A strategic group
A strategic group is a concept that describes companies that operate in the same industry with the same business model and specialization of business strategies. Typical examples are companies that operate in the automobile industry. The first group is characterized by “broad product lines, heavy advertising, medium integration, extensive distribution, mass-market appeal, and widely available service” (Bakker 2010, p.2). The second group is characterized by “extremely narrow product lines, minimal or no advertising, high integration, selective distribution, and service, as well as superior performance” (Bakker 2010, p.4). Some groups are more profitable than others operating in the same industry. According to Grant (2010), the key elements that define strategic groups include mobility barriers.
Companies in the strategic groups
The two automobile firms that were selected that belong to the two strategic groups include Mazda and Nissan companies. Mazda manufactures different models of vehicles such as the Fiesta, Mazda eco-Sport, and Mazda Endeavour.
The company is ranked fourth in the list of the strategic group of companies, which manufacture different models of vehicles for different purposes. The CEO is the most senior executive in Mazda’s organizational structure followed by middle-level executives and lower-level employees (Grant 2010). On the other hand, Nissan manufactures automobiles in Japan and sells them worldwide. The company is the third in automotive sales in the world.
Both Mazda and Nissan fall under different resource groups. The difference between Mazda and Nissan’s strategic groups is that Nissan manufactures large cars, pickups, and luxury cars while Mazda manufactures vehicles that are customized for specific markets. According to Bakker (2010), Nissan’s strategy is to manufacture smaller and more fuel-efficient engines by investing over 550 million dollars in its manufacturing plants by introducing hybrid cars using technology from Japan.

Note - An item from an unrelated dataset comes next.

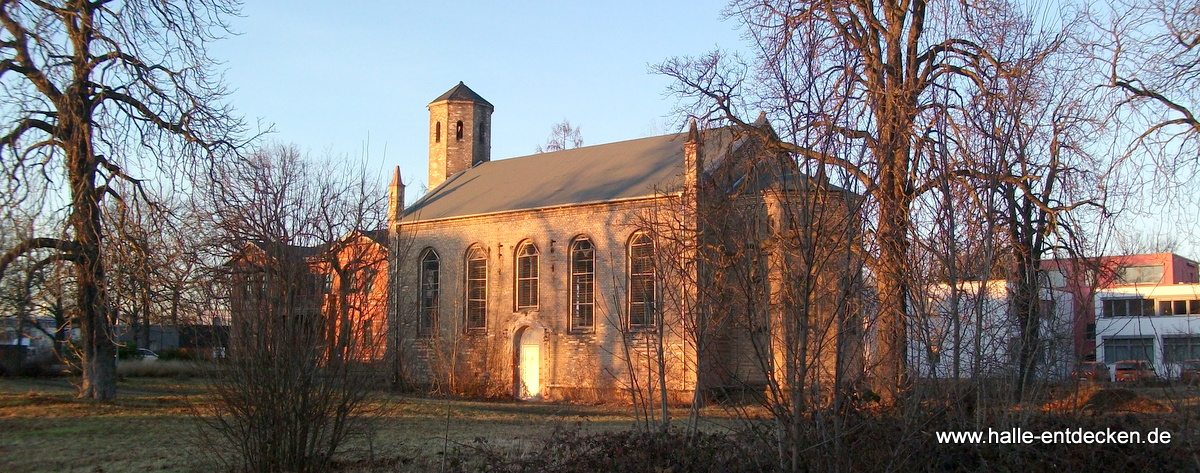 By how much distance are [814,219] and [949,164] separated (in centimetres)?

On the other hand, Nissan is the first company to invest in hybrid technology that is used in 73% of the vehicles in the USA offers widely available services compared with Mazda.

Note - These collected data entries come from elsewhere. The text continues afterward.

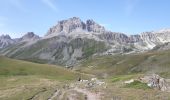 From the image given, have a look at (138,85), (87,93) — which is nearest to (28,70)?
(138,85)

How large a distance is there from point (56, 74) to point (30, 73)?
1292cm

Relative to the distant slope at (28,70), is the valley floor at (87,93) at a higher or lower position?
lower

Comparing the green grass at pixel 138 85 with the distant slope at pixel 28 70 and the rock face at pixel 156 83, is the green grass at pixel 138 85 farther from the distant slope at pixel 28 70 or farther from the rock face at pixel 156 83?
the distant slope at pixel 28 70

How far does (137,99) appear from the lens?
143ft

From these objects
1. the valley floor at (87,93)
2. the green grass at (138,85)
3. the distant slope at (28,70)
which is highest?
the distant slope at (28,70)

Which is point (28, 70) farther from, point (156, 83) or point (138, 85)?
point (138, 85)

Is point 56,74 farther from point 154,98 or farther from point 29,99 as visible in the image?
point 154,98

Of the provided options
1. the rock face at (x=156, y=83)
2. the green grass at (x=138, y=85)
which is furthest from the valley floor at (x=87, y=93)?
the rock face at (x=156, y=83)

Resources and capabilities
The differences in the resource groups of the two companies are that Mazda focuses on one team and lean manufacturing and one plan for aggressively developing new markets and products. The company emphasizes the use of resources to manufacture universal models. However, the company does not have the strength to alter work practices and compensation for employees. On the other hand, Nissan encourages employees to work for the company whilst building a career path, and the employees are always protected by very strong trade unions in Japan.
Driving competitive advantage
Different companies drive competitive advantage in different ways. For instance, employee empowerment in Nissan plays a significant role in developing their skills, knowledge, commitment, and participation at work to position the company on a competitive edge compared with the rival firms. The Japanese work longer hours and undergo better training compared to their counterparts who work for the Mazda company.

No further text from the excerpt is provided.